Para piorar, no que eu sempre publicamente questionei, a Andes insiste em preparar suas greves organizando o movimento de forma ampla, unindo as nossas reivindicações às de uma genérica categoria de servidores públicos. O objetivo é nitidamente provocar um desgaste político ao governo e ampliar seu grau de influência política, unindo a objetivos ideológicos maiores, nos quais não desejo aqui entrar, já que isso não é exclusividade da Andes. O problema é que, isso feito às custas de uma grande expectativa da categoria quanto a resultados concretos em sua carreira, constitui-se em uma perversa manobra política.
É um erro de estratégia monumental, entrarmos em uma greve conjuntamente com as demais categorias do serviço público, tendo como principal bandeira a correção de distorções em nossa carreira.

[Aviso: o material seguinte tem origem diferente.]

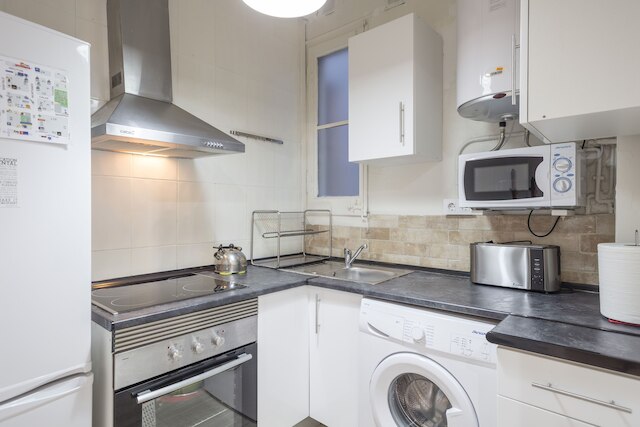 アパルタメント ミラーイ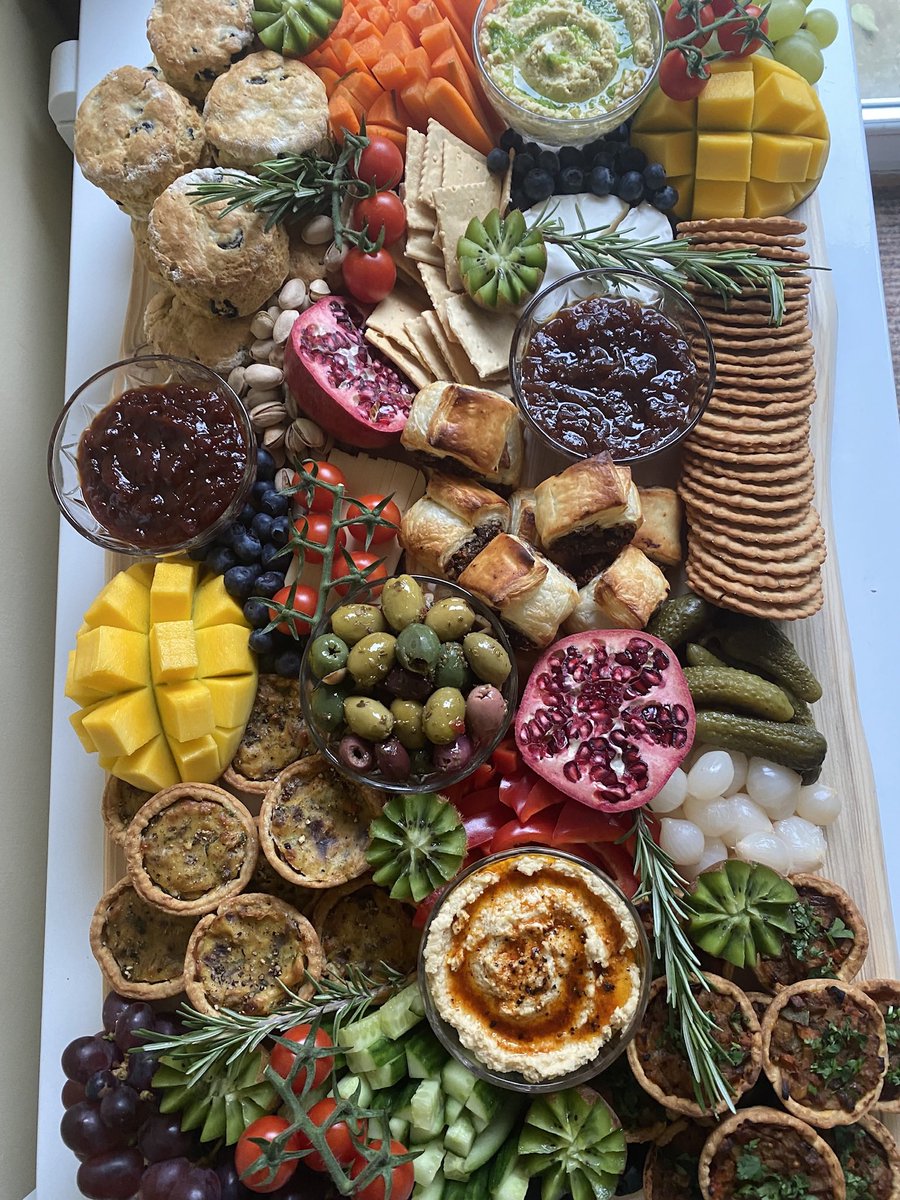 A ten person grazing board yesterday, full of plant based loveliness. 💚🌱

Please contact us with any enquiries. 

#plantbased #vegan #cardiff #cardiffvegans #SmallBusiness #goodfood #grazing #parties #Birthday #wedding #Christmas #plantpower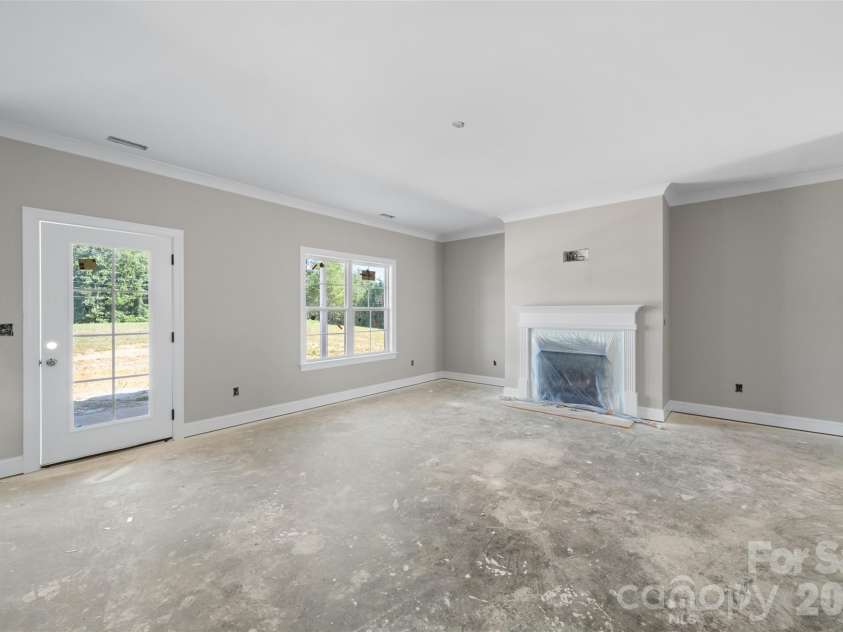 153 Canton Drive, Lexington, NC 27295.  MLS# CAR4411279, YatesRealty ID 41437. 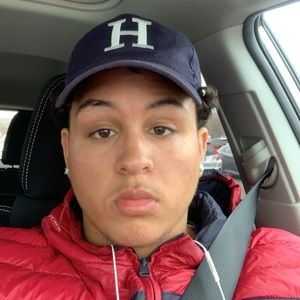 Meet your Posher, Javier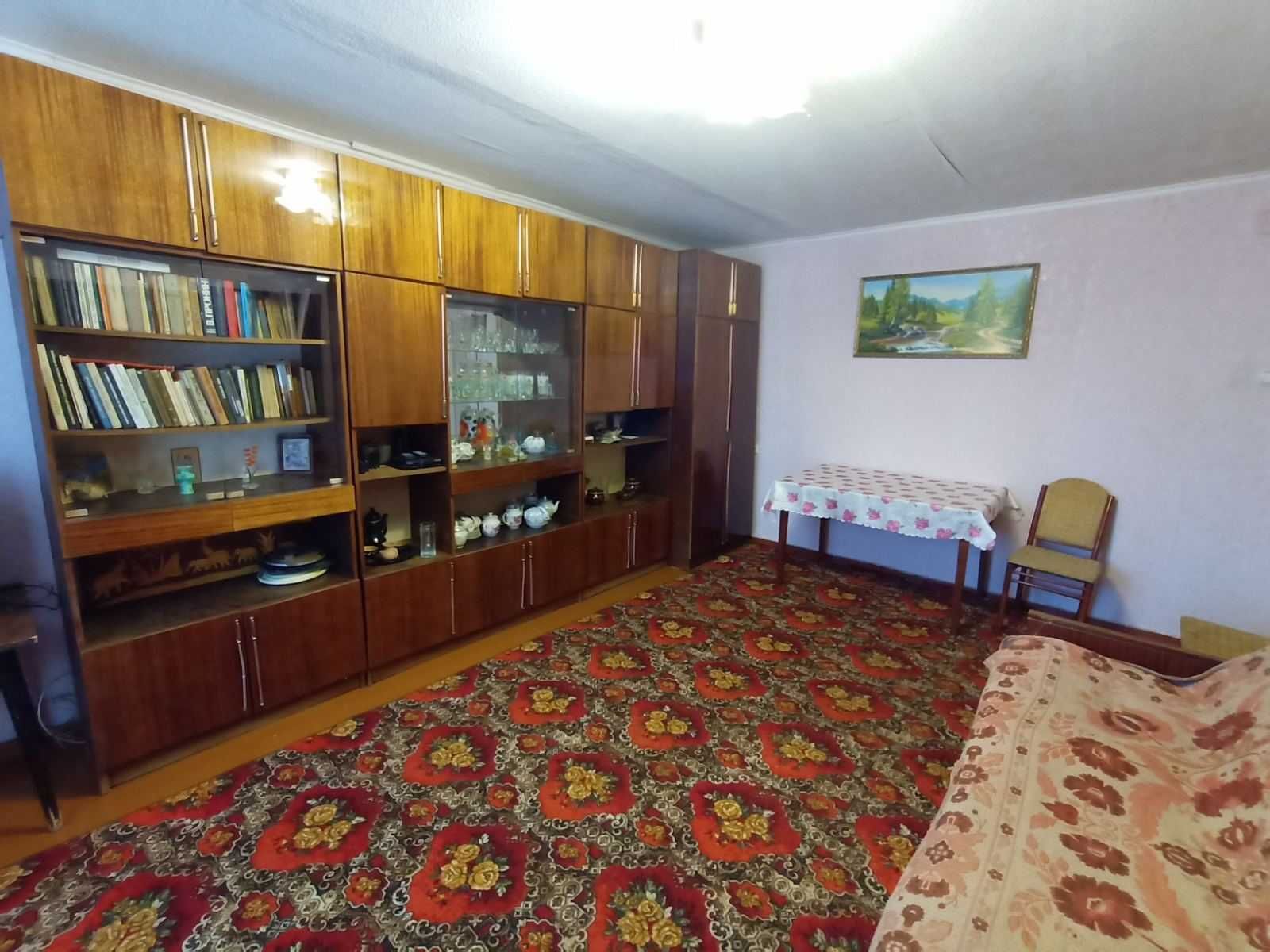 Продам 3-кімнатну квартиру в м.Ізюм Харківська обл.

Será sempre difícil atingir resultados desejáveis quando dezenas de outras categorias lutam ao mesmo tempo por reajustes salariais. Todas as demais carreiras que corrigiram suas distorções o fizeram de forma isolada. Mas lamentavelmente a Andes se recusa a prosseguir as discussões e se opõe sistematicamente a manutenção de uma mesa de negociação, quando isso é exatamente o caminho correto a ser tomado. Tanto que uma das últimas de nossas conquistas, um novo degrau em nossa carreira, a de Professor Associado, foi conquistado em uma mesa de negociação, sem ter sido necessário deflagrar greve para isso.
Jamais devemos entrar em um movimento sem calcular os impactos que serão causados por aquilo que desejamos na luta. Devemos ter o pleno conhecimento de até onde podemos ir em nossas reivindicações. Não somente pelo que desejamos, mas também pelo que é possível ser aceitável. Em se tratando de uma circunstância marcada pelo fato de existirem dezenas de outras carreiras também reivindicando reajustes, devemos ter clareza de que há limites para qualquer governo aceitar percentuais que criem impactos muito elevados em suas contas. Esse é o erro ao sempre insistirmos na greve geral, se o nosso objetivo maior não é o reajuste, mas a correção em nossa carreira.

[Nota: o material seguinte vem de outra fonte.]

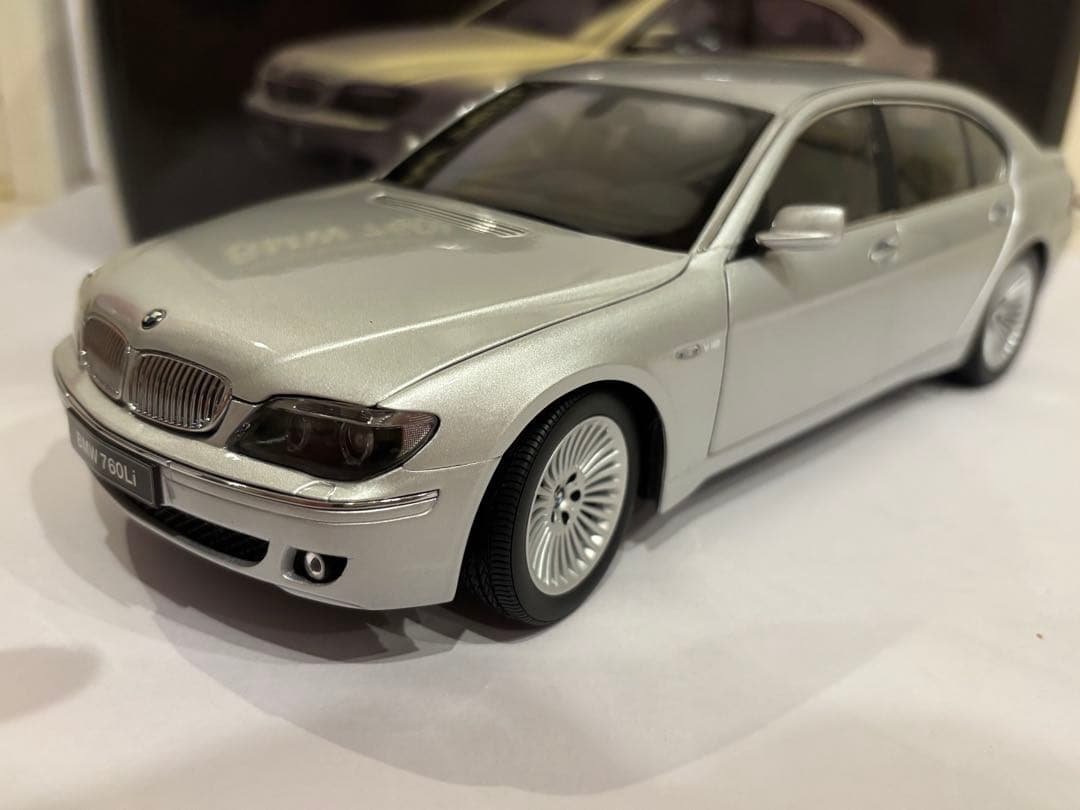 ギミックあり  760Li E66 ミニカー 京商 ディーラー別注1/18
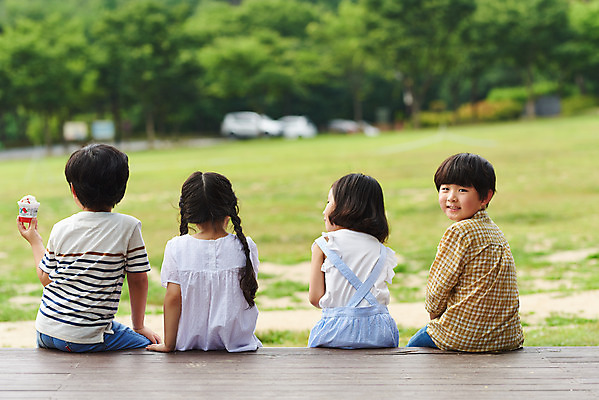 포토 JPG 주간 나무 공원 여자 남자 어린이라이프 초등학생 어린이 자연 아이스크림 앉기 소녀 소년 잔디 여러명 상반신 야외 뒷모습 여름 친구 한국인 체험학습 뒤돌아보기 먹기 용인 휴양림 어린이만 국내포토 자연요소 식물 학생 라이프스타일 계절 공공시설 뷰포인트 다수 관계 모션 디저트 사람 동양인 체험 생태계 경기도 파일형식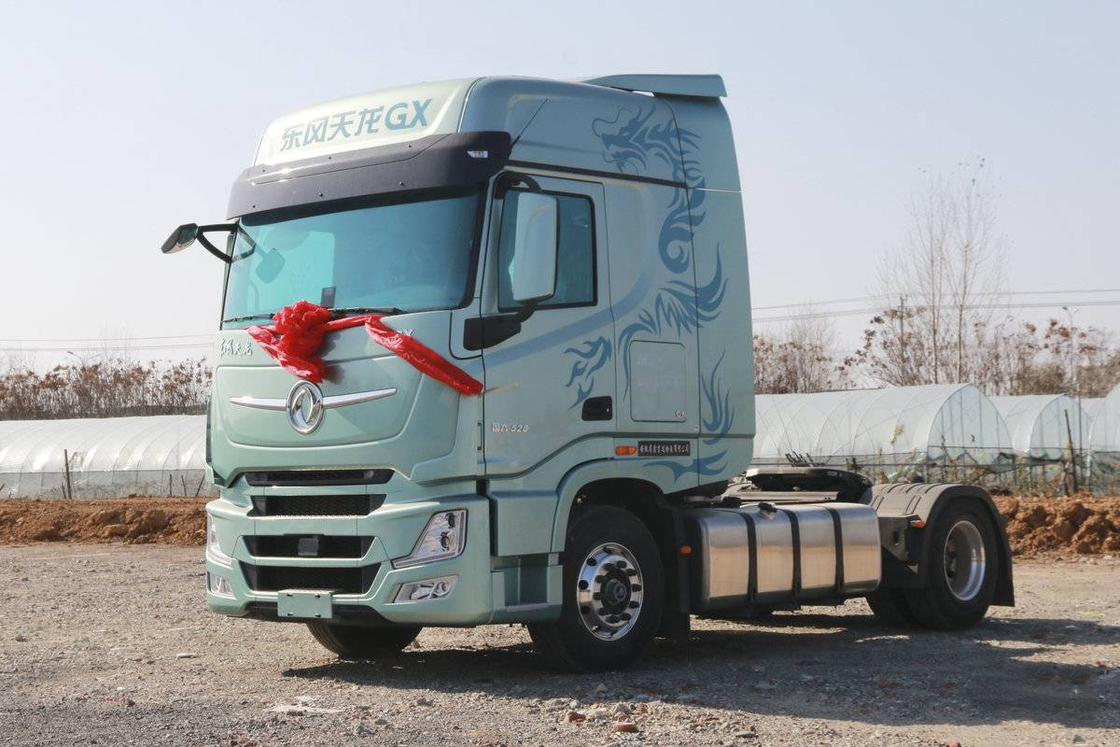 Caminhão de cabeça de tractor Eaton 12a marcha Dongfeng GX 4 * 2 Massa de tração 35 toneladas 480hp Caminhão pesado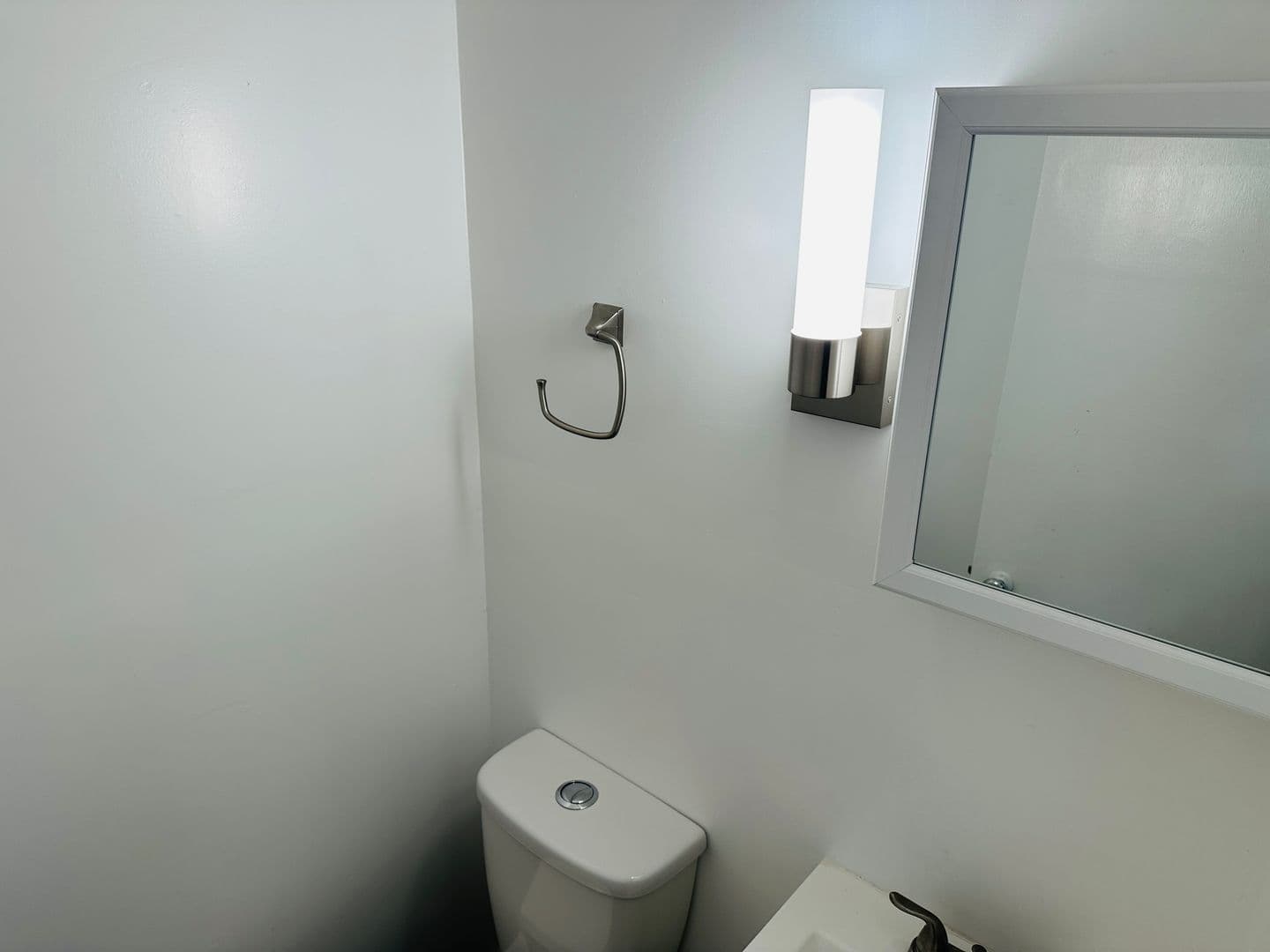 Laurel Apartment: 711 E. Main St. #5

Mas que seja feita a ressalva, de que pelo quadro criado, os percentuais que foram acordados – embora recusado pela Andes e a maioria das assembleias dos professores – em alguns casos ultrapassa o dobro do que foi oferecido a outras categorias. E que se diga também que isso já vem sendo discutido há mais de um ano, embora no estilo paquidérmico de um governo leniente, fortemente preocupado em dar resposta a uma crise econômica que tem como origem uma forte inversão nos investimentos. Por isso as pressões são necessárias, mas devem primar pela coerência, objetividade e capacidade de compreender cada momento, e os limites que possam estar sendo impostos nas negociações em curso. Até para que, ao final, quando os resultados forem apresentados, não fique a frustração de que nada foi conseguido e a luta teria sido em vão.

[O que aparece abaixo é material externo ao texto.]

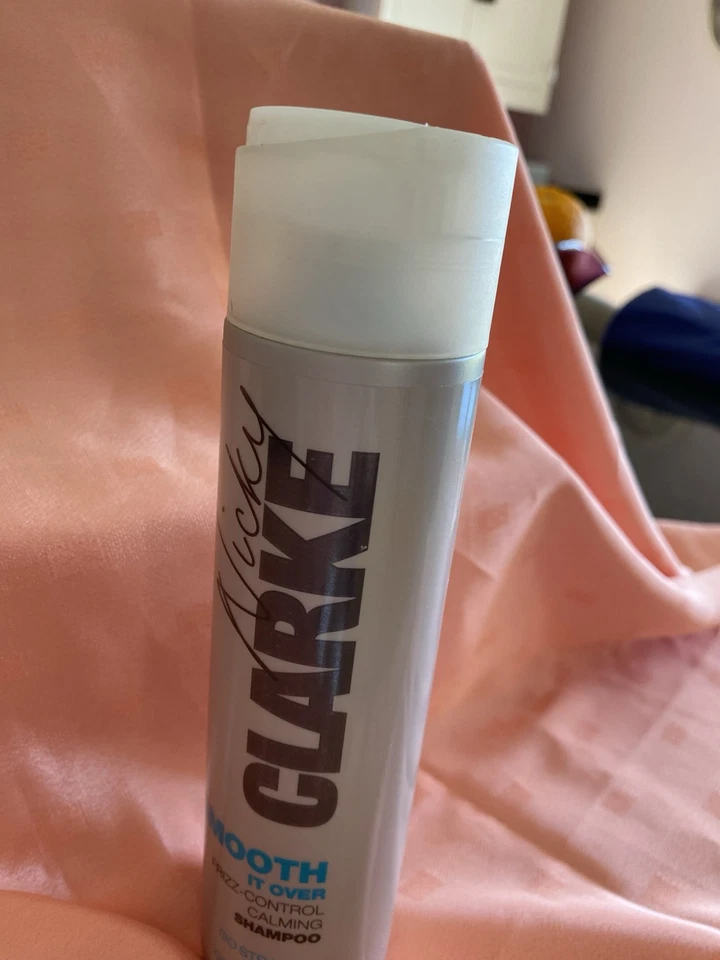 Nicky Clarke Smooth It Over Calming Shampoo 250 Ml Unwanted Gift Discontinued  - Image 1 of 2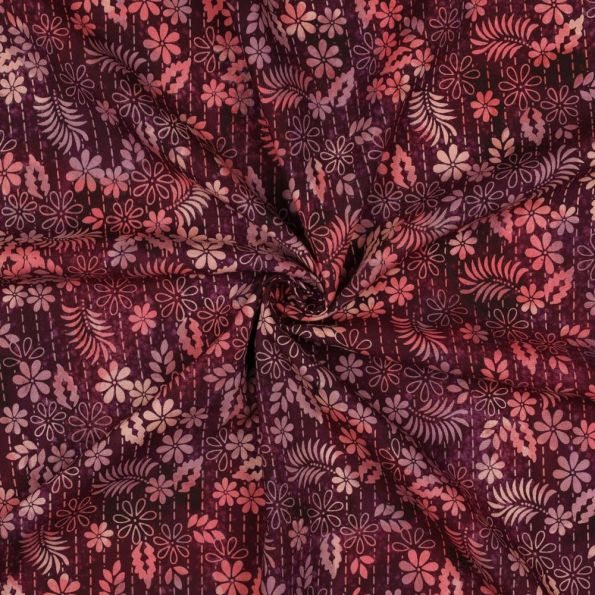 Tissu Batik de Viscose fleurs et feuilles sur fond Prune - Par 10 cm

Na forma como o movimento foi conduzido, por um “comando” avesso à negociação, e a ceder em suas pretensões iniciais, levou inevitavelmente a greve para um beco sem saída. Esgotou-se sua capacidade de apresentar justificativas para a continuidade. Só não é concebível que a alternativa seja esquivar-se de por fim ao movimento, nem iludir os professores com propostas alternativas, que já não fazem mais sentido, porque perdeu-se o “timming” no processo de negociação. Como fazer numa situação como essa? Radicalizar no discurso e culpar o “inimigo” interno pelo fracasso de sua estratégia, pois não se sabe como encerrar a greve. Talvez a aposta desesperada seja que uma maioria aprove a proposta de retorno, muito embora esse mesmo “comando” insista em continuar a “luta”. Com isso, desfeito o “comando”, responsabiliza-se os “conciliadores”, por um fracasso que foi criado por sua impertinência e sectarismo político.
Tenho me espantado com algumas discussões postadas nas redes sociais, e em alguns momentos fico preocupado com a agressividade e o estilo fascista de alguns comportamentos intolerantes. Um total desrespeito às opiniões divergentes de forma absolutamente desrespeitosa. O Facebook parece um divã de psicanalista, onde todas as vozes surdas se fazem ouvir, mas com um autismo impressionante. E as diatribes são constantes. Aberrações e ofensas são ditas demonstrando uma tendência perigosa que vem sendo construída, inclusive dentro da universidade. Lamentavelmente, isso não ficou somente restrito ao mundo virtual, e em muitas situações descambou para agressividade explícita.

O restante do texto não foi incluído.